Web page caption snippets:
Segment Open
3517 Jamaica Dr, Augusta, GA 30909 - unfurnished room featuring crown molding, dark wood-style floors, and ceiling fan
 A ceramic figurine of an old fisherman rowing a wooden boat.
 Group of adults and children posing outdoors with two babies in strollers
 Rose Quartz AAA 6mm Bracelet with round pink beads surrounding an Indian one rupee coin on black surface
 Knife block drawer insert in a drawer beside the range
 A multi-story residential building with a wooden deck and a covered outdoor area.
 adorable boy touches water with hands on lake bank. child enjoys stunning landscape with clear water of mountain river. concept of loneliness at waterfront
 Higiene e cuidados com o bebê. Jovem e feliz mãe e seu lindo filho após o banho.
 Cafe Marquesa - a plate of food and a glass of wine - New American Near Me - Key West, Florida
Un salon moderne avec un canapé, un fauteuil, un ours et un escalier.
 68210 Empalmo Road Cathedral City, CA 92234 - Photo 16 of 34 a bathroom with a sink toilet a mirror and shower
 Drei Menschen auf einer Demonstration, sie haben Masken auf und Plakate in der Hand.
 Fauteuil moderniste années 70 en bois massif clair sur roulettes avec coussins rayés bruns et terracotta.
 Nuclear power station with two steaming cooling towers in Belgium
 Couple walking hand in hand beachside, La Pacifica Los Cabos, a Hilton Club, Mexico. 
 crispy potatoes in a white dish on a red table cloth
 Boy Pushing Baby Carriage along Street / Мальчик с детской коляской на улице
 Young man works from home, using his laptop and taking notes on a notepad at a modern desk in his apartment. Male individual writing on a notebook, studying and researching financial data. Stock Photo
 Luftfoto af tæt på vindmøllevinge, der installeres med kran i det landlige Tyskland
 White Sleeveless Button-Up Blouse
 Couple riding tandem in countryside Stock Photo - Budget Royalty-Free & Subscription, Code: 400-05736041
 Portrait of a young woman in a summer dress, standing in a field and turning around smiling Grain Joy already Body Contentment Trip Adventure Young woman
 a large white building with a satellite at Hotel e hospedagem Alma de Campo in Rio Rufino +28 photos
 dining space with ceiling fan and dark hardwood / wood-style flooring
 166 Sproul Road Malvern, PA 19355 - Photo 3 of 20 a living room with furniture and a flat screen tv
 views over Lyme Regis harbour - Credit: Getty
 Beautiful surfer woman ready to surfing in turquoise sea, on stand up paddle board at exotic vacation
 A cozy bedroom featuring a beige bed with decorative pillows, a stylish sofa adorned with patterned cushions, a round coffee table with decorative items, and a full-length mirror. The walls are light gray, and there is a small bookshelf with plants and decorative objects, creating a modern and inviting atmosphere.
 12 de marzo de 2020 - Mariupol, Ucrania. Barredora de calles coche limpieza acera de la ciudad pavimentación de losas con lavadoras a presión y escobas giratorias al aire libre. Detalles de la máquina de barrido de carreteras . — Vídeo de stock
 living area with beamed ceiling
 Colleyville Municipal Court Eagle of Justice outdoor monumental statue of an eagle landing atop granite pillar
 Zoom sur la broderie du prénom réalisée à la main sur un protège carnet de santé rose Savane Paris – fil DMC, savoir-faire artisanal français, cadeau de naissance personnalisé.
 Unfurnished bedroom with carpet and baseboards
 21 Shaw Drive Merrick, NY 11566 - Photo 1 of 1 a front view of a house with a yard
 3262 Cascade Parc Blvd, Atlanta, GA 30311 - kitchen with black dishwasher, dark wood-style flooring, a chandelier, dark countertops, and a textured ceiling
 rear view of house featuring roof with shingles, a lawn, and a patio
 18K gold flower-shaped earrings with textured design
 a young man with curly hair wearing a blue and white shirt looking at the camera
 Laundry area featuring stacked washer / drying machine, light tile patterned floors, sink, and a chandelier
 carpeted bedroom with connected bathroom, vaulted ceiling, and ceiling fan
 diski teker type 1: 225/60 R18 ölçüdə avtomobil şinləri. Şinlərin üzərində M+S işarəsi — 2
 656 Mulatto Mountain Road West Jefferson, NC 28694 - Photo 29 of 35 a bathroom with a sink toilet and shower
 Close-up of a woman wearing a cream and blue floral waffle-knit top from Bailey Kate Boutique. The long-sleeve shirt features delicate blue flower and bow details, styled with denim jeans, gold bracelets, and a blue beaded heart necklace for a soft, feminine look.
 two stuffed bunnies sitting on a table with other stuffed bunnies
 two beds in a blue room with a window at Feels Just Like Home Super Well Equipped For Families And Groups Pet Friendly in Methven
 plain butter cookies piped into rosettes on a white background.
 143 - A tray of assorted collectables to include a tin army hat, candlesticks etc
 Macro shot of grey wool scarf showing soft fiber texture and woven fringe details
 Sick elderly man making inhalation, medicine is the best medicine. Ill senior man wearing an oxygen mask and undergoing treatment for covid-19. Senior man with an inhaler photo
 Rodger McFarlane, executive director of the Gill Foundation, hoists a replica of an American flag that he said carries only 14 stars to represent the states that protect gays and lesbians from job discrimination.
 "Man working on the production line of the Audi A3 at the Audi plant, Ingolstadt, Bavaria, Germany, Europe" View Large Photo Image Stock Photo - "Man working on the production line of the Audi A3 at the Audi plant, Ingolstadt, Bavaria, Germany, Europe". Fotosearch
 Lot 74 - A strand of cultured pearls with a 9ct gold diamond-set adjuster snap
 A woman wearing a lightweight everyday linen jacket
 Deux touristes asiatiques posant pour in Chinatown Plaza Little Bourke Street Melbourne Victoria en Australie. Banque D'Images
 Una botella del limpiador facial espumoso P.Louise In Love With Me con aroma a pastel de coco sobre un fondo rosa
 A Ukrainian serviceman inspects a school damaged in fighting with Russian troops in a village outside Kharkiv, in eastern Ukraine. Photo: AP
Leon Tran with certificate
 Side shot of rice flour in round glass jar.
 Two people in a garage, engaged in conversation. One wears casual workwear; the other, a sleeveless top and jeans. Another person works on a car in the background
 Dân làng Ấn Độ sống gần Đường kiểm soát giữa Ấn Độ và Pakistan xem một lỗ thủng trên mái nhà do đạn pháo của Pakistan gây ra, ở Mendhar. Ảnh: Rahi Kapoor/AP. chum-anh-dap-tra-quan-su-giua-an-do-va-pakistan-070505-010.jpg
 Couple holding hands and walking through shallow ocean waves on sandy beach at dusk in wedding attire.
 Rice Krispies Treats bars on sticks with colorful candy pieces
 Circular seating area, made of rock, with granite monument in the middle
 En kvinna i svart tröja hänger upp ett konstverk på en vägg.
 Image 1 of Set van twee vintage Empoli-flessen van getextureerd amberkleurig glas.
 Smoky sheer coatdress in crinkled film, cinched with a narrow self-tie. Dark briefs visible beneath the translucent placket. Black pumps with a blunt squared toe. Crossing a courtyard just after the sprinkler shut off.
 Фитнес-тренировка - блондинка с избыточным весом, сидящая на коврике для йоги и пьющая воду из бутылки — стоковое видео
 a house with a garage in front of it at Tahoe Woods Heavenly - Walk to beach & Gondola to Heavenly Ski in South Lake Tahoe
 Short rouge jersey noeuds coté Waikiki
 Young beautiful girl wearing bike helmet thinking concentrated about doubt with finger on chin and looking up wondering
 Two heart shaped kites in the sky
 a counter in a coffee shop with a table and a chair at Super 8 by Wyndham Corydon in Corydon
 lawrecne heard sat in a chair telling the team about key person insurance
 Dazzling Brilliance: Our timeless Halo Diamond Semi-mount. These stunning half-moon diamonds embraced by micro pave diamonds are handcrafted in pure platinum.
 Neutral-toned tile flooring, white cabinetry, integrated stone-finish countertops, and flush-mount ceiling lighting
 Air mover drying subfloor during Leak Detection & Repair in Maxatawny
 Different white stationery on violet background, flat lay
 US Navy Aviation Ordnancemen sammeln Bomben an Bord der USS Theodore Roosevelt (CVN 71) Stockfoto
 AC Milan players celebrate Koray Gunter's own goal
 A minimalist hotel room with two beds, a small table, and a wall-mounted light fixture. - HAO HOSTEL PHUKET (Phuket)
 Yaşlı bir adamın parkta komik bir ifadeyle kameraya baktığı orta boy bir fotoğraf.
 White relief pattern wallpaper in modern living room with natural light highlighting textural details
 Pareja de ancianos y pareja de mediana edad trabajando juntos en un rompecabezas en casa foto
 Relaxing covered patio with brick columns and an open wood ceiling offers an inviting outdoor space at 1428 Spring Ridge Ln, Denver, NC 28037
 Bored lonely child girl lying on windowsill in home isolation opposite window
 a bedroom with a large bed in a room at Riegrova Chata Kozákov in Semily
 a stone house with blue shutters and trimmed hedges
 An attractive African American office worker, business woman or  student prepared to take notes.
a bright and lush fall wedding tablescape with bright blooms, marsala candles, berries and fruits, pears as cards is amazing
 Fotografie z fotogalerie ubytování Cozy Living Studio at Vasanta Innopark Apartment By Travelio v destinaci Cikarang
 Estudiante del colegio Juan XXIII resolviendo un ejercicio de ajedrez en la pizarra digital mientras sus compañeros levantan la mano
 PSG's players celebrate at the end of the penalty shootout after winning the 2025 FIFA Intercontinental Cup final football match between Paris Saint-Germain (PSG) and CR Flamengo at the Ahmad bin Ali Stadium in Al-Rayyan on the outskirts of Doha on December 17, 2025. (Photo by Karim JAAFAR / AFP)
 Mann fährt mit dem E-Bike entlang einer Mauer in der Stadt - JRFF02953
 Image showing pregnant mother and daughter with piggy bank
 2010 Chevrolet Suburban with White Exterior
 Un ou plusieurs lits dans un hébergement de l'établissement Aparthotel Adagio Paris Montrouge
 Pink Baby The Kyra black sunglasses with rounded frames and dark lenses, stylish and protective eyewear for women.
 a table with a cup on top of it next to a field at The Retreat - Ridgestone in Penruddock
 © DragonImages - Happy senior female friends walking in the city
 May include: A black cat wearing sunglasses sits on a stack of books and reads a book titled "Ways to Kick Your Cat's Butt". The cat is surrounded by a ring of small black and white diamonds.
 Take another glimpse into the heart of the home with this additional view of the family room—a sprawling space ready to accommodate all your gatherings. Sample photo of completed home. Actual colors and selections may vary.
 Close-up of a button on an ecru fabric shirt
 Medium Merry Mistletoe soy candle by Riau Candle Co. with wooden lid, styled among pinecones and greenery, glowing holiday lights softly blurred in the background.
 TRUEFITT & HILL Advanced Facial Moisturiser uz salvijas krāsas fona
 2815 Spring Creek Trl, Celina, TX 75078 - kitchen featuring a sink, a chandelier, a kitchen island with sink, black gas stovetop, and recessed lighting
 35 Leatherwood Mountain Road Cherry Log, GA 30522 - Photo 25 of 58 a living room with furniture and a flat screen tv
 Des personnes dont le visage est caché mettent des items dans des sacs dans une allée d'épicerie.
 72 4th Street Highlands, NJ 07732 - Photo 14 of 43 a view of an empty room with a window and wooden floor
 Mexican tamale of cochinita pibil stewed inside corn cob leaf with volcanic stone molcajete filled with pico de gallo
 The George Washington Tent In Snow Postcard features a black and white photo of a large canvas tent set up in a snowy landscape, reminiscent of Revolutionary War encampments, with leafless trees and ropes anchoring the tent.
Segment Closed
The lines above starting at the one that contains "PSG's players celebrate" and ending at the one that contains "2010 Chevrolet Suburban with White Exterior" must be transcribed exactly, and no other lines may appear.

Solution below -
 PSG's players celebrate at the end of the penalty shootout after winning the 2025 FIFA Intercontinental Cup final football match between Paris Saint-Germain (PSG) and CR Flamengo at the Ahmad bin Ali Stadium in Al-Rayyan on the outskirts of Doha on December 17, 2025. (Photo by Karim JAAFAR / AFP)
 Mann fährt mit dem E-Bike entlang einer Mauer in der Stadt - JRFF02953
 Image showing pregnant mother and daughter with piggy bank
 2010 Chevrolet Suburban with White Exterior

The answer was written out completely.